The HCP contains 6 atoms per unit cell: one-sixth of each of the top and bottom face corner atoms, one-half of each of the center face atoms, and all three midplane interior atoms. The coordination number as well as the atomic packing factor for the HCP is the same as the FCC, so 12 and 0.74 or 74% respectively. The lattice constant for HCP is given by \(a=2R\).
Below is a diagram of a HCP crystal structure:
Titanium (Ti), Zinc (Zn), and Magnesium (Mg) are all examples of a HCP crystal structure.
Elements with the HCP crystal structure tend to have the following properties:
- Brittleness
- Low yield strength
To recap, the HCP crystal structure has:
Atom per unit cell: 6
Coordination number: 12
Lattice constant: \(a=2R\)
APF: 0.74 / 74%
Example problems
Now that we have understood what the unit cell is and the different types crystal structures for metals, let’s solve a few problems.
Problem 1
The atomic radius of an element with a BCC structure is 0.124nm.
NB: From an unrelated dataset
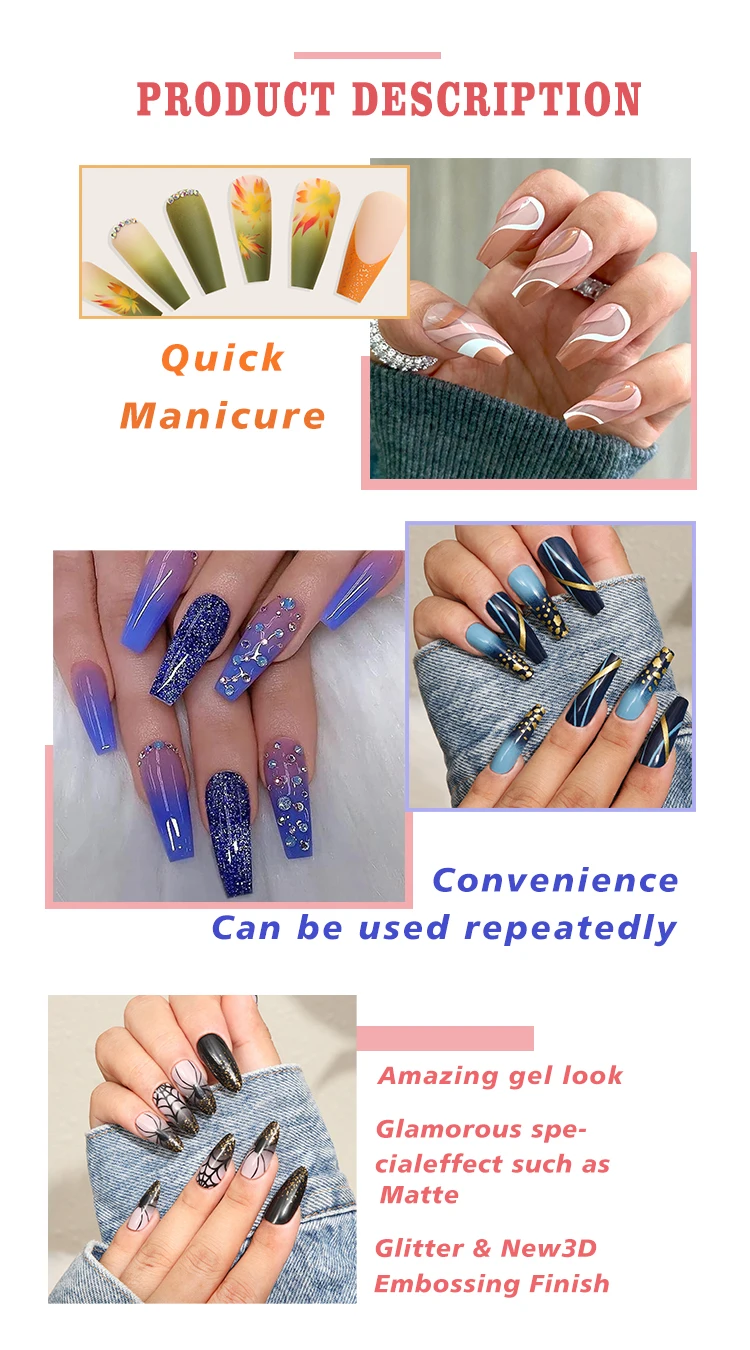 Wholesale Fashion Acrylic Press On Nails Handmade Luxury Bling Press On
Calculate the atomic packing factor (APF) for this structure.
Solution:
Givens:
Atomic radius: r = 0.124nm.
- Calculate the lattice parameter (a) using the formula:
\(a=\frac{4r}{\sqrt{3}}\) - Substitute the given values into the formula:
\(a=\frac{4\cdot 0.124nm}{\sqrt{3}}=0.286nm\) - Calculate the volume of the unite cell:
\(V=a^3=(0.286nm)^3=0.0234nm^3\) - We know that for a BCC structure, 2 atoms are available.
- We then calculate the volume of 1 atom which is presumed to be a sphere, so:
\(V=\frac{4}{3}\pi r^3=\frac{4}{3}\pi(0.124)^3=0.008nm^3\) - So then the volume of 2 atoms will then be:
\(V= 2\cdot 0.008nm^3=0.0160nm^3\) - And now, we can simply use the APF formula to solve the problem:
\(APF=\frac{0.0160nm^3}{0.234nm^3}=0.68\)
Problem 2
Calculate the volume of a unit cel for an FCC crystal if the atomic radius of the metal is 0.137nm.
Solution:
Givens:
Atomic radius: 0.137nm
- First we calculate the lattice parameter (a) using the formula:
\(a=2\sqrt{2r}\) - Plug in the values
\(a=2\sqrt{2}\cdot 0.137nm=0.387nm\) - The volume of the unit cell can be determined by the following:
\(V=a^3=(0.387nm)^3 =0.05nm^3\)
In conclusion
By understanding the unit cell and the various types of crystal structures, one can unlock great potential in the field of material science. These concepts are fundamental in understanding how various materials and elements are structured. You will understand that just because these materials are visibility dissimilar, when looking at them through the lens of a unit cell, one can truly see how interconnect they are.
As promised, you should now be able to upon sight – tell what type of crystal structure a material is as well as even list some properties that it will have.